* Problem: Your reply should contain the whole listing below, repeated exactly, and no images.

* The data:
■ ■ ■ ■ ■
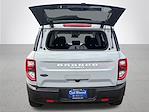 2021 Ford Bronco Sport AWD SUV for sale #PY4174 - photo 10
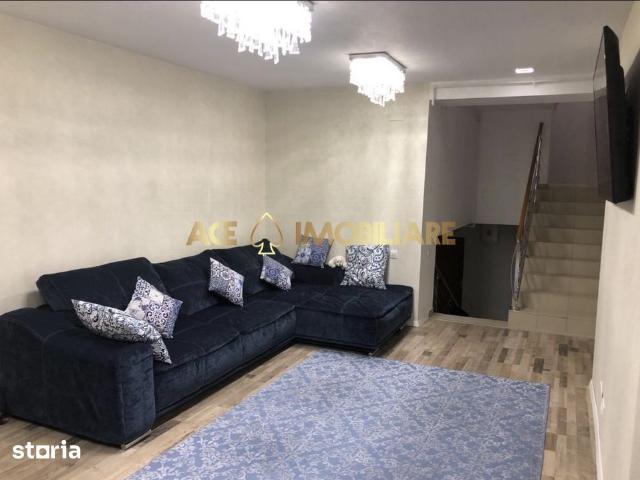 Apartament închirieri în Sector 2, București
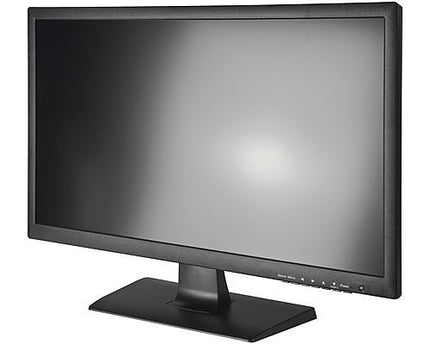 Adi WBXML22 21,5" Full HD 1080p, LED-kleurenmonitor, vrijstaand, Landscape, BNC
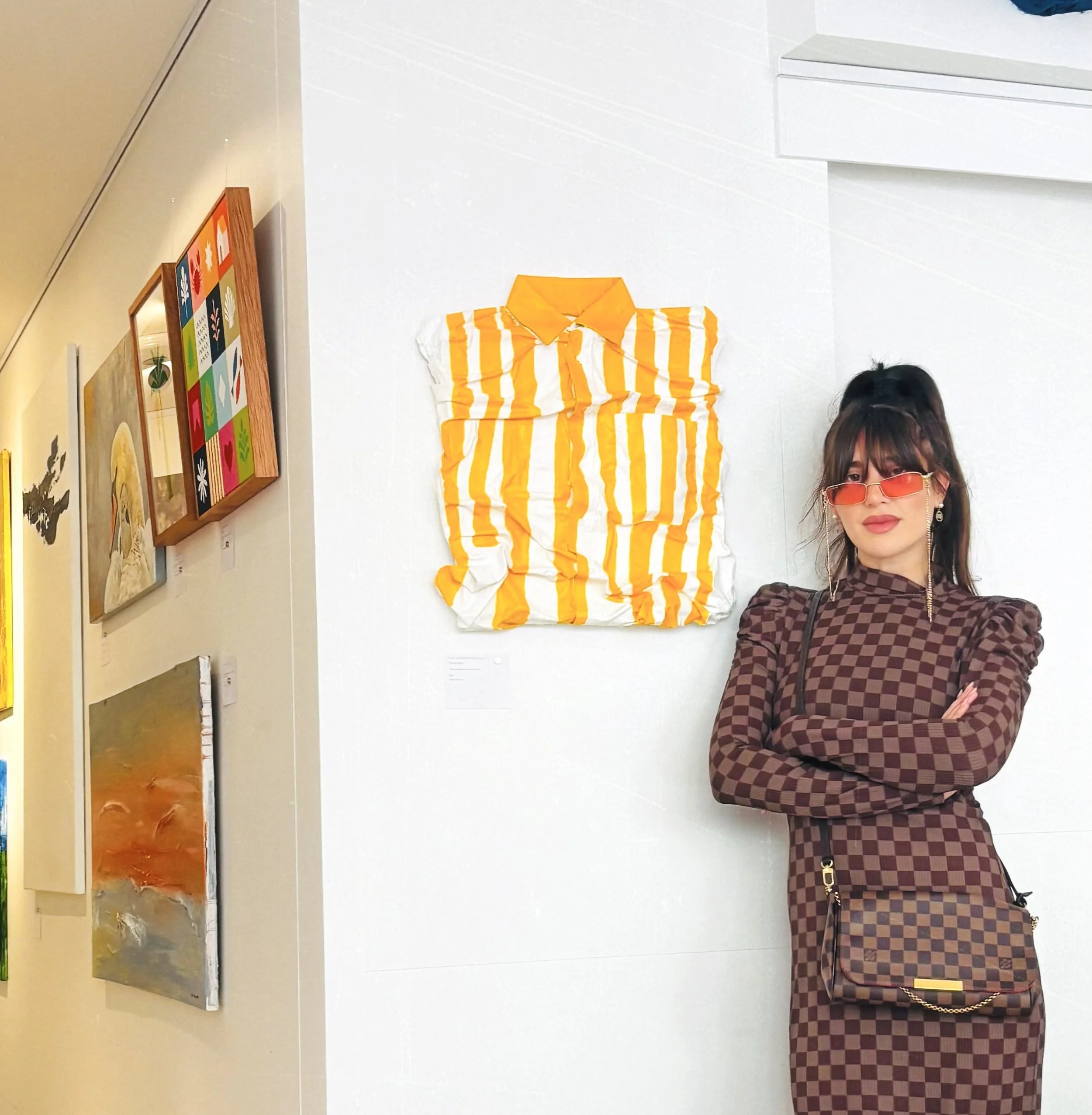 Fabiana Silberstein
■ ■ ■ ■ ■
* Answer to the problem:
 2021 Ford Bronco Sport AWD SUV for sale #PY4174 - photo 10
 Apartament închirieri în Sector 2, București
 Adi WBXML22 21,5" Full HD 1080p, LED-kleurenmonitor, vrijstaand, Landscape, BNC
 Fabiana Silberstein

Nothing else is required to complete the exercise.